Kekosongan kekuasaan pada Agustus 1945 tersedia bagi seluruh Asia Tenggara. Yang membedakan Indonesia bukanlah kejeliannya membaca celah, melainkan kapasitas yang telah dibangun jauh sebelum celah itu terbuka: jaringan pergerakan yang bekerja puluhan tahun, elite terdidik yang siap memerintah, struktur administratif warisan pendudukan yang bisa langsung dioperasikan, dan kesiapan kelembagaan dalam bentuk PPKI. Momentum tidak menciptakan kemerdekaan. Ia hanya bisa dimanfaatkan oleh pihak yang sudah siap memanfaatkannya.
Diterjemahkan ke hari ini, pelajarannya berlawanan dengan refleks yang biasa muncul. Bukan “segera masuk ke forum internasional dan momentum akan mengikuti”, melainkan “bangun kapasitas, lalu forum internasional menjadi tempat kapasitas itu diuangkan”. Kursi di Shanghai bernilai sebanding dengan apa yang bisa dibawa Indonesia ke meja itu. Saat ini, yang bisa dibawa masih sedikit — dan itulah, bukan persaingan blok, masalah yang sebenarnya.

Karena itu, prioritas pertama adalah menerbitkan kedua Peraturan Presiden dan menjadikannya mandat resmi delegasi. Tanpa dokumen rujukan, “ikut membentuk arah tata kelola AI global” adalah aspirasi tanpa isi. Sejalan dengan itu, status hukum keanggotaan perlu dituntaskan: apakah perjanjian ini memerlukan pengesahan Dewan Perwakilan Rakyat berdasarkan Undang-Undang Nomor 24 Tahun 2000 tentang Perjanjian Internasional. Jawabannya menentukan apakah komitmen Indonesia mengikat secara hukum atau bersifat politis semata, dan konsekuensi keduanya berbeda jauh.
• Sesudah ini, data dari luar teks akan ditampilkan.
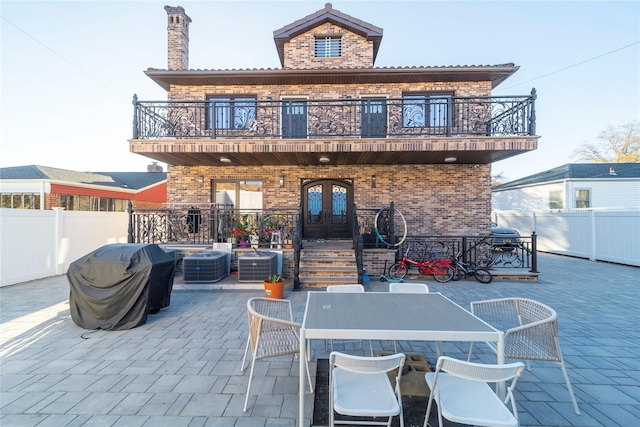 rear view of property with french doors, a fenced backyard, a patio, and a balcony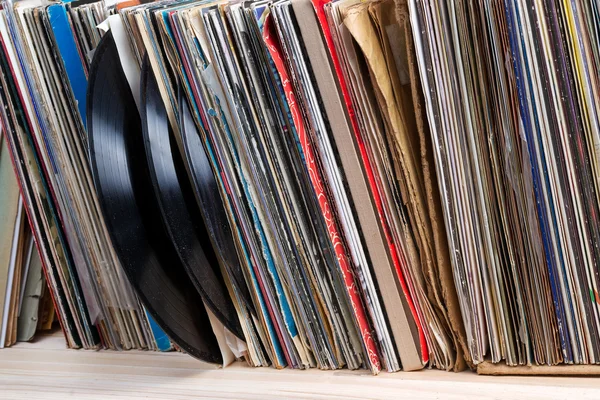 Retro styled image of a collection of old vinyl record lp\'s with sleeves on a wooden background. Browsing through vinyl records collection. Music background. Copy space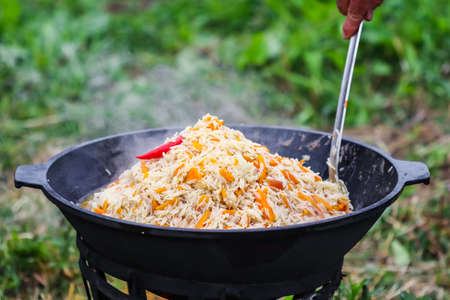 Cooking rice pilaf in a large cast-iron pot on fireの写真素材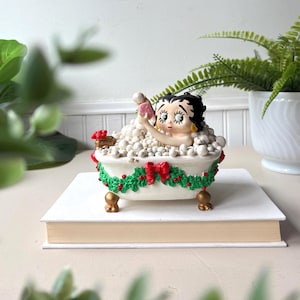 May include: A figurine of a cartoon character with black hair and large eyes sitting in a white clawfoot bathtub filled with white bubbles. The tub is decorated with a green garland, red berries, and a red bow. It has gold-colored feet.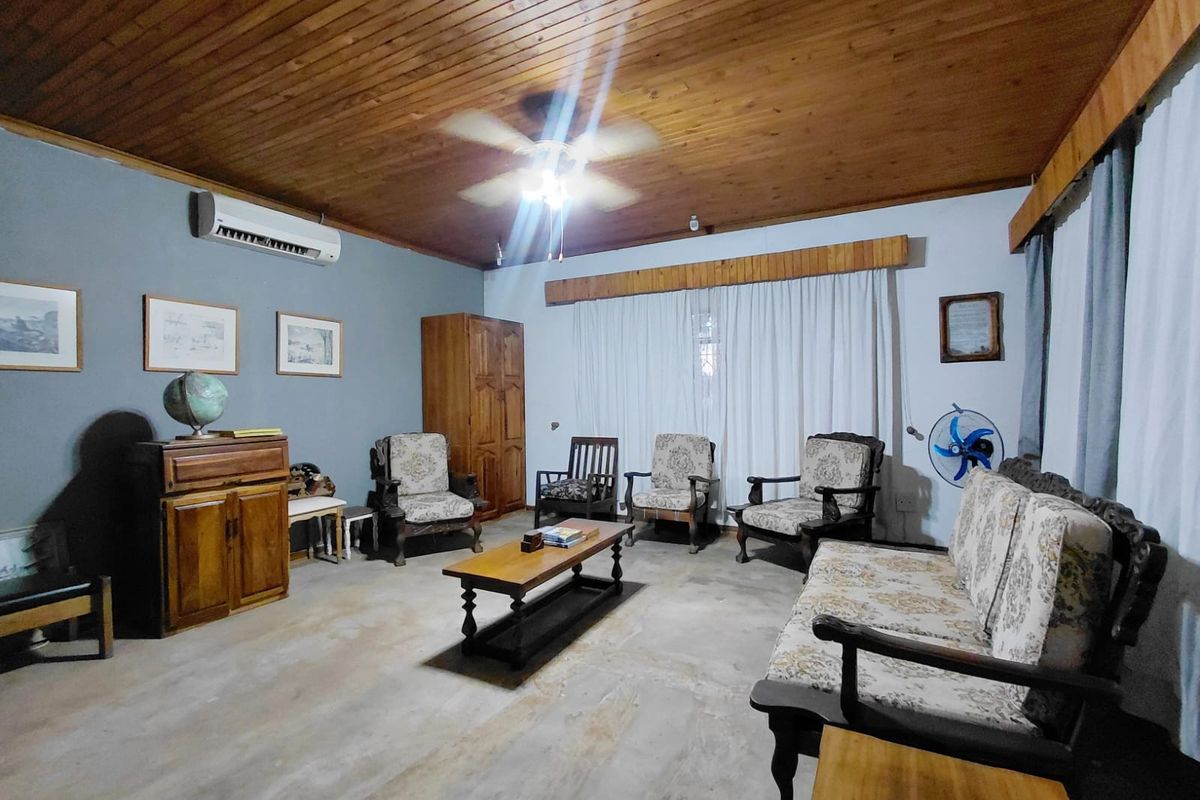 A living room featuring a timber tongue and groove ceiling, concrete flooring, and a wall-mounted split-system air conditioner.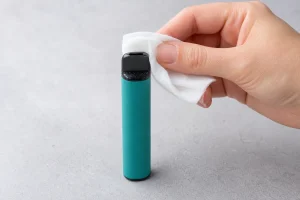 An adult hand wiping condensation from the outside of a disposable vape mouthpiece with a dry tissue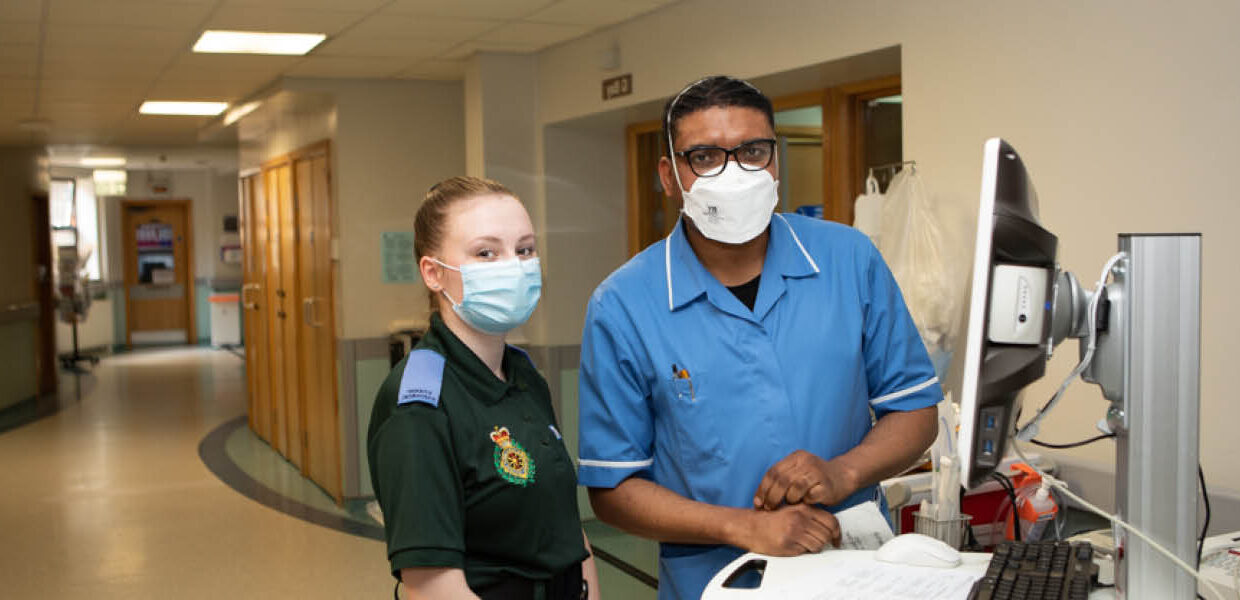 doctor and paramedic using computer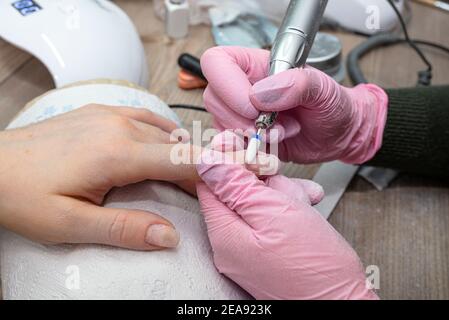 Enlever l'ancien ongle hybride à l'aide d'une meuleuse électrique, l'esthéticienne a des gants en latex rose. Banque D'Images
Kedua, Indonesia perlu mengejar kehadiran ganda secara sadar. Kazakhstan sudah membuktikan bahwa duduk di WAICO dan di jalur Pax Silica bukan kontradiksi. Politik luar negeri bebas-aktif dalam konteks teknologi berarti hadir di semua meja tempat aturan ditulis, bukan berdiri di luar sebagian darinya. Membiarkan posisi terhadap Pax Silica menjadi keputusan pasif — tidak diputuskan karena tidak dibahas — adalah bentuk kelalaian strategis.

Ketiga, kapasitas komputasi nasional harus diukur dan diumumkan. Kedaulatan yang tidak bisa diukur tidak bisa dikelola. Kapasitas terpasang, target penambahan, dan sumber pasokan seharusnya menjadi indikator publik yang dilaporkan berkala, sebagaimana cadangan devisa atau bauran energi. Selama angka ini tidak ada, setiap pernyataan tentang kedaulatan digital hanyalah pernyataan.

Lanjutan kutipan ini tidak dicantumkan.